This past August, 110+ students from 33 Design for America studios across the country gathered at Northwestern for the annual DFA Leadership Studio. Together, they explored, “How can we improve the voting experience?” DFA National decided to revisit this topic of civic engagement as the 2016 election season came to a close.
From Leadership Studio, we learned that voting, a key component of our democracy, is a complicated, evolving system that has both strengths and weaknesses. Because Design for America works to incorporate different perspectives and voices to improve our communities, we wanted to hear from the NU design community and DFAers across the country about their thoughts on the voting process.
To collect feedback at Northwestern, we created an installation in the lobby of the building we call home: the Ford Engineering Design Center. On election day, at least one hundred students shared likes and wishes about this election season by interacting with our installation, and they also received a sticker for contributing!
We observed some common themes among the feedback. Students expressed that they like feeling that their vote counts and appreciated that more people were speaking up and getting involved in the process this year. One student shared, “I like that Northwestern helped with pre-registration and absentee voting,” while others conveyed similar sentiments on getting support from the university, and having a variety of ways to vote.
We also uncovered common themes for what students wish could be improved about voting. Students expressed a desire for less polarization and more accessible and reliable information about candidates, policies, and pressing issues. They also put forth ideas like changing the system of the electoral college or making election day a holiday.
DFA WashU students also created an installation to collect thoughts and ideas around the election season.
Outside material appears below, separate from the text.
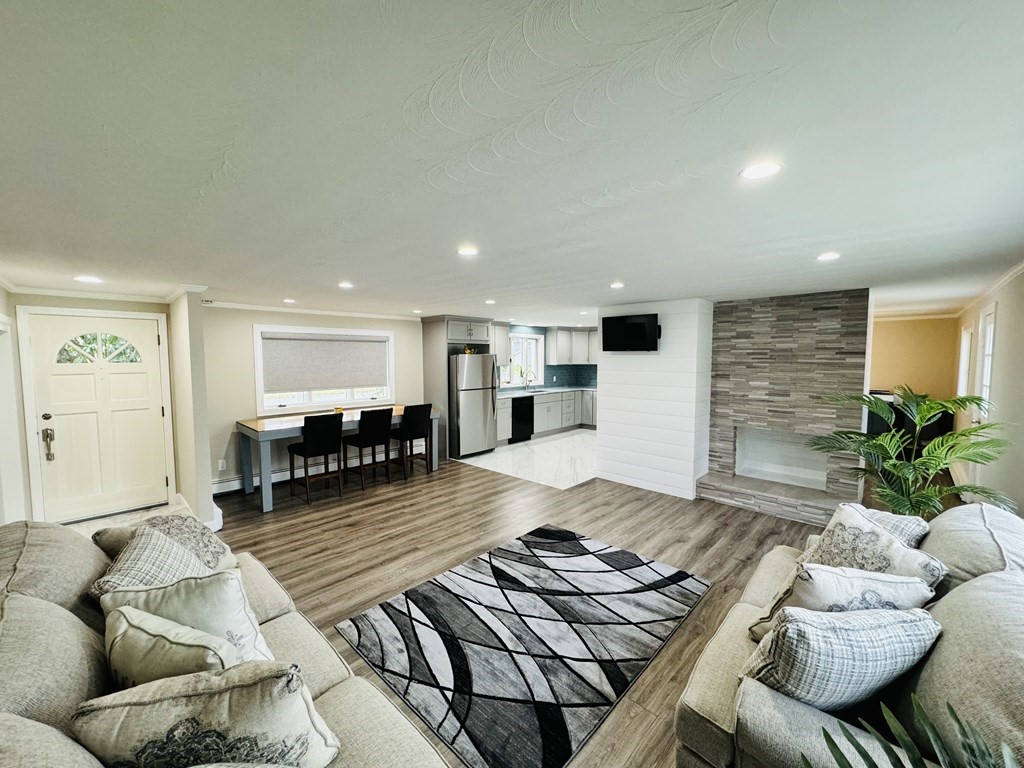 10 Robert Road Framingham, MA 01702 - Photo 4 of 20 a living room with furniture and a table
They were surprised by a common topic across feedback about the voting experience.
“In a student body filled with people that have developed and evolved opinions about the state of politics, economics, the environment, and race relations, many people wrote “voting stickers” as something they liked most about the process,” said Kelly Wisneski, a Studio Lead at DFA WashU. “If voting stickers are what get people excited about an election, then there’s so much more designers can do to create an impact.”
WashU noted the greatest concerns among students were long lines at polling locations and other similar barriers to access for voting.
DFA always seeks opportunities to create positive change, and as we move past election season we will continue to apply human-centered design to increase civic engagement in our local communities.